* [What to do]: In full and word for word, copy the listing; no pictures belong in the copy.

* [Data listing]:
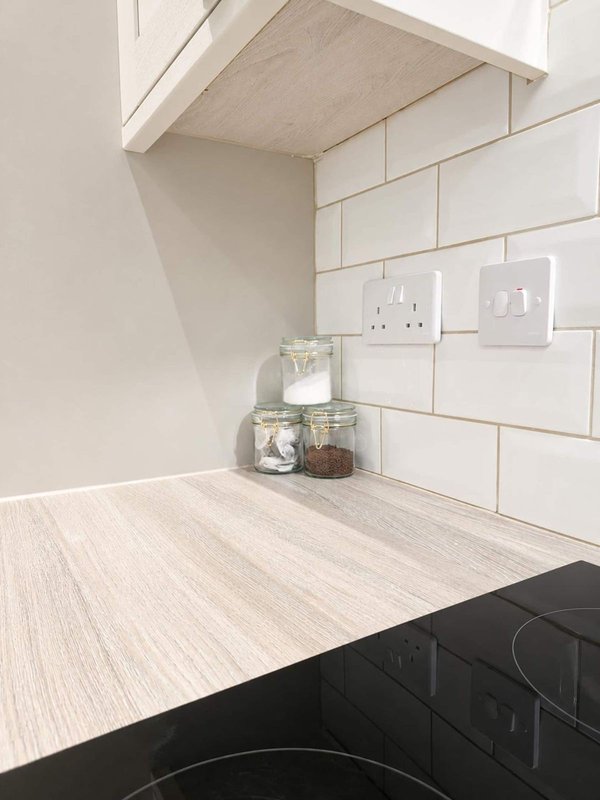 Modern kitchen counter with white subway tile backsplash, shelf above, and storage jars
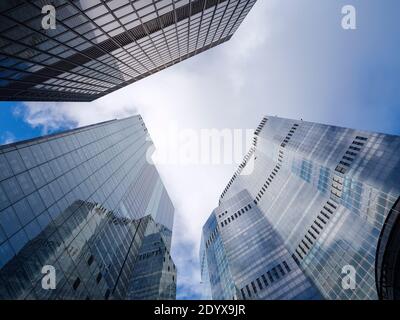 A dramatic view of three commercial skyscrapers seen from Undershaft in the City of London, 22 Bishopsgate, the St Helen's and Leadenhall Buildings Stock Photo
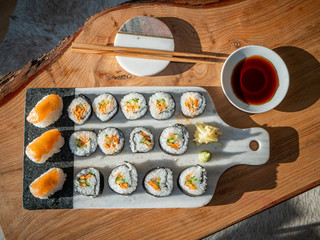 Set of sushi on a chopping board with chopsticks and soy sauce
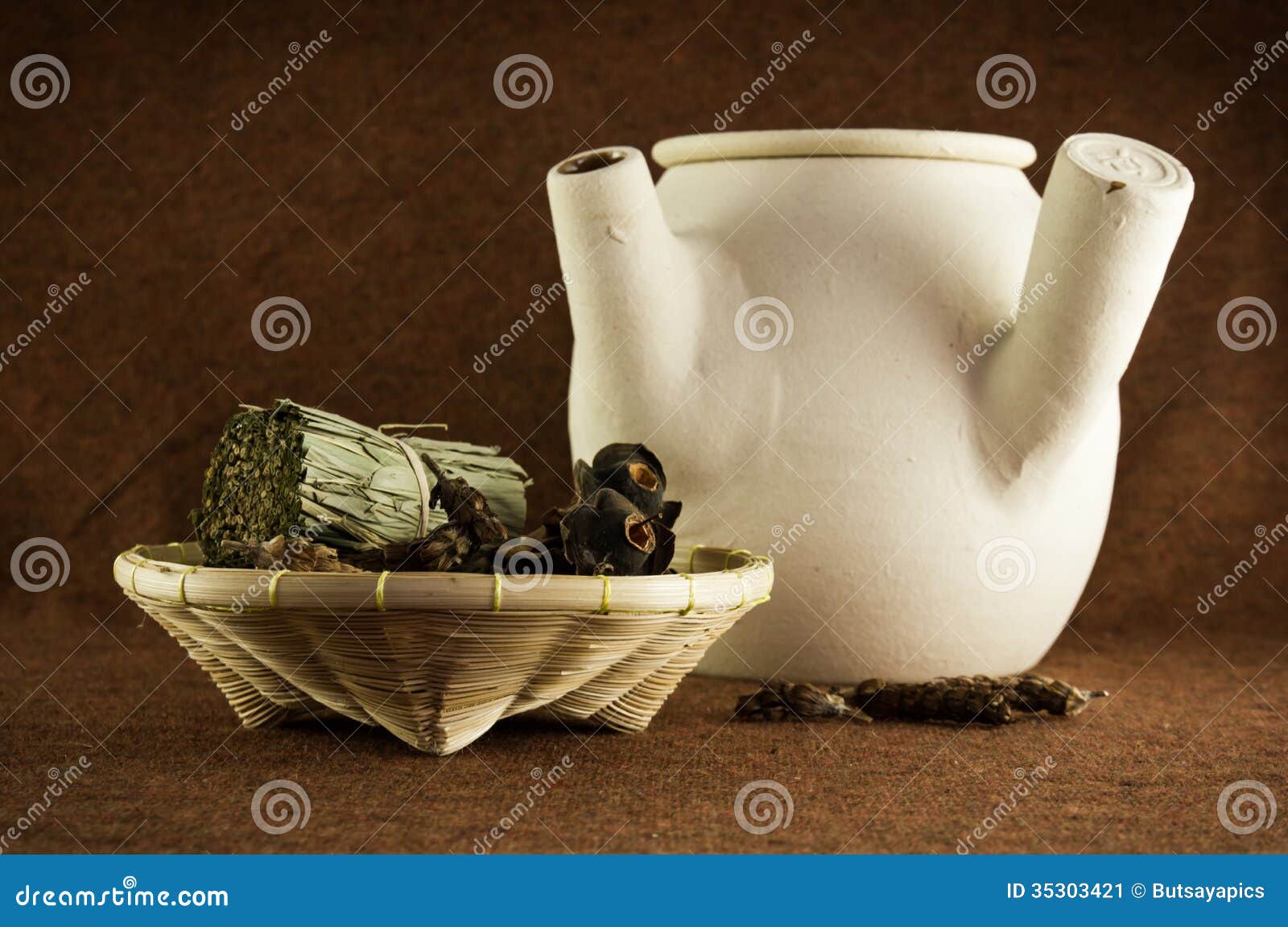 Herbs and chinese clay pot stock image. Image of craft 35303421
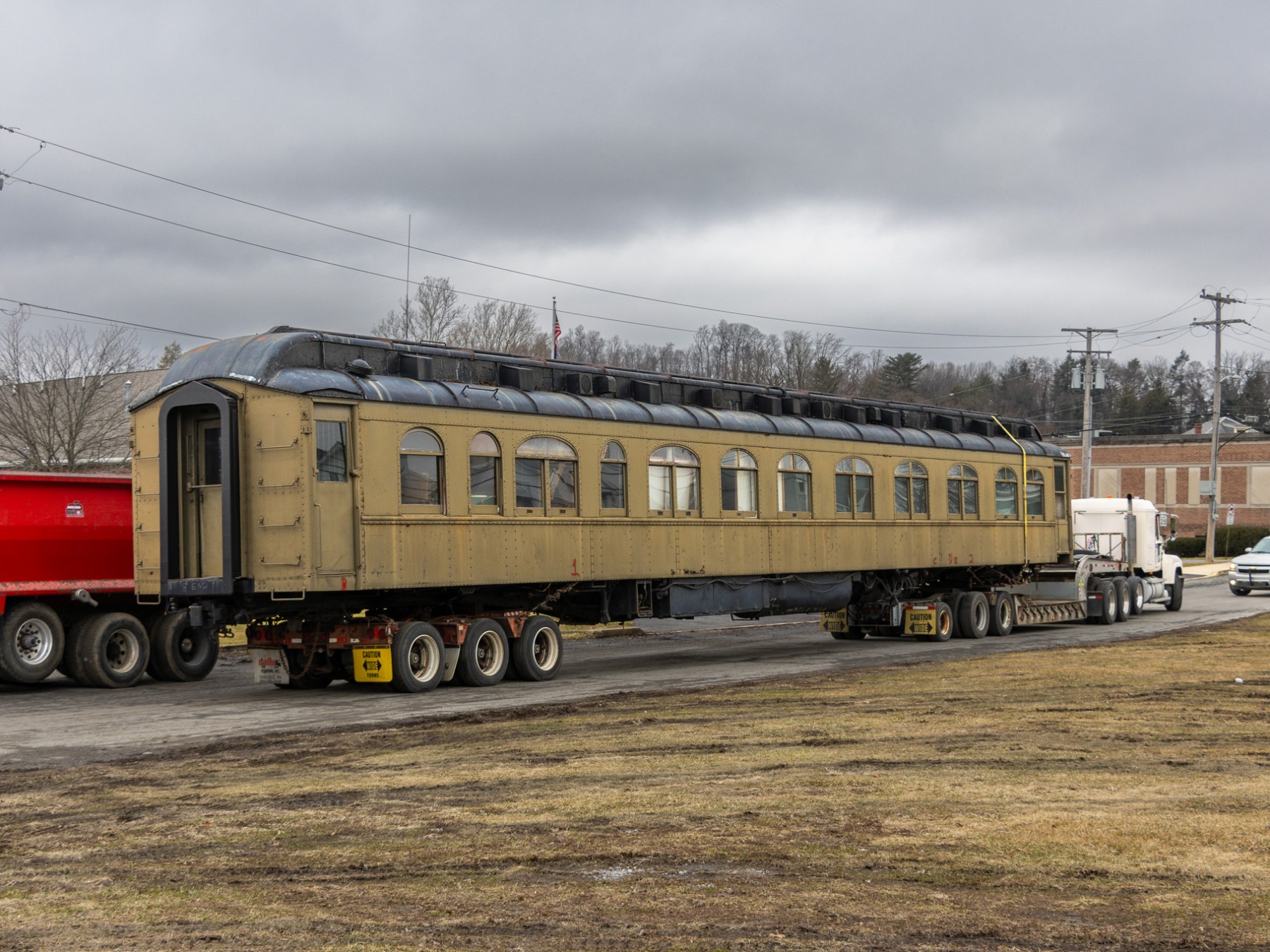 a train is parked on the side of a truck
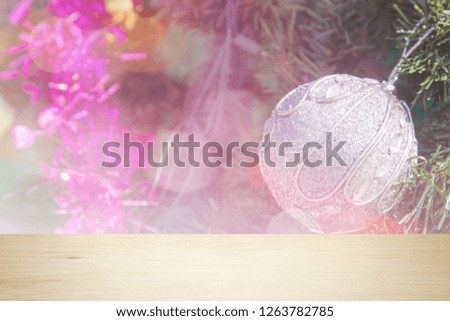 silver balls Christmas light and tree in the background.design effect focus happy holiday party colorful glow texture white wall paper silhouette sun sunny xmas.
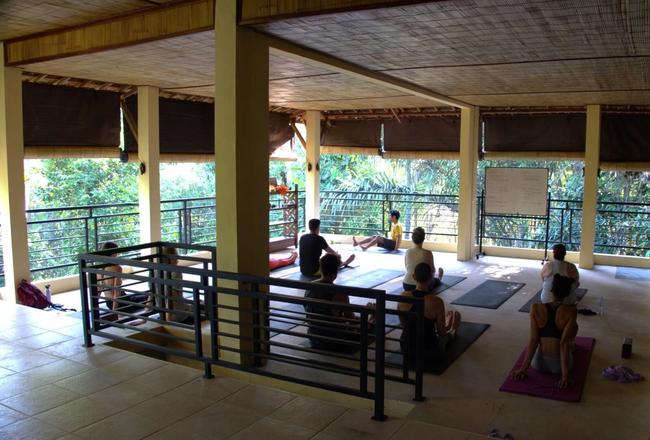 A retreat participant practicing yoga at Shanti Toya.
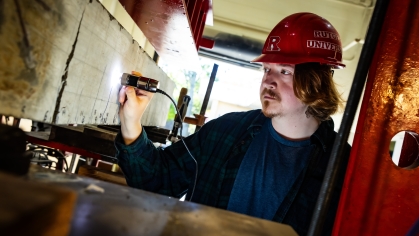 White male graduate student wearing a red hard had with the Rutgers logo holds a device to a beam in a construction lab. He has red hair and is wearing a green and navy blue flannel shirt.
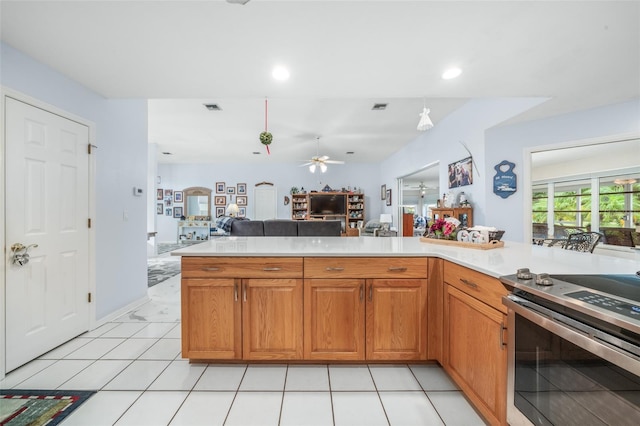 kitchen with stainless steel electric range, ceiling fan, and light tile patterned floors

* [Exercise solution]:
 Modern kitchen counter with white subway tile backsplash, shelf above, and storage jars
 A dramatic view of three commercial skyscrapers seen from Undershaft in the City of London, 22 Bishopsgate, the St Helen's and Leadenhall Buildings Stock Photo
 Set of sushi on a chopping board with chopsticks and soy sauce
 Herbs and chinese clay pot stock image. Image of craft 35303421
 a train is parked on the side of a truck
 silver balls Christmas light and tree in the background.design effect focus happy holiday party colorful glow texture white wall paper silhouette sun sunny xmas.
 A retreat participant practicing yoga at Shanti Toya.
 White male graduate student wearing a red hard had with the Rutgers logo holds a device to a beam in a construction lab. He has red hair and is wearing a green and navy blue flannel shirt.
 kitchen with stainless steel electric range, ceiling fan, and light tile patterned floors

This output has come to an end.